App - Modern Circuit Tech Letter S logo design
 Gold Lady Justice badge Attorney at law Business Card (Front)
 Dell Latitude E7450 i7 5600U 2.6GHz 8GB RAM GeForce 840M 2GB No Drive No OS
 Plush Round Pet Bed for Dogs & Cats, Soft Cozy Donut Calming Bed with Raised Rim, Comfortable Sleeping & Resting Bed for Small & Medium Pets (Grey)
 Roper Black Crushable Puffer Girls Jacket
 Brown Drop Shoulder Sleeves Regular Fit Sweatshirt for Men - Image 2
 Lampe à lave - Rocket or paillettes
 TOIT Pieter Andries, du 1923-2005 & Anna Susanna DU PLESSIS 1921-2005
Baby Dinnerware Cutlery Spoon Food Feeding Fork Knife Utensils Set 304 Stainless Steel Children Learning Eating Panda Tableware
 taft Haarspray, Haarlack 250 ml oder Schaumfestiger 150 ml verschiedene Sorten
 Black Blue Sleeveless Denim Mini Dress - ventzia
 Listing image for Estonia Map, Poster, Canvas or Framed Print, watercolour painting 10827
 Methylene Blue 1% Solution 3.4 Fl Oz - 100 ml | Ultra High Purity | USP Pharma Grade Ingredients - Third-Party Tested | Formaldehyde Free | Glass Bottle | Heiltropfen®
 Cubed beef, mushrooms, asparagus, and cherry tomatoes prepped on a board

▶ Task requirements:
Reproduce exactly the first line of the listing and every line after it, through the one containing "Dell Latitude E7450". Nothing else belongs in the output.

▶ Task response:
App - Modern Circuit Tech Letter S logo design
 Gold Lady Justice badge Attorney at law Business Card (Front)
 Dell Latitude E7450 i7 5600U 2.6GHz 8GB RAM GeForce 840M 2GB No Drive No OS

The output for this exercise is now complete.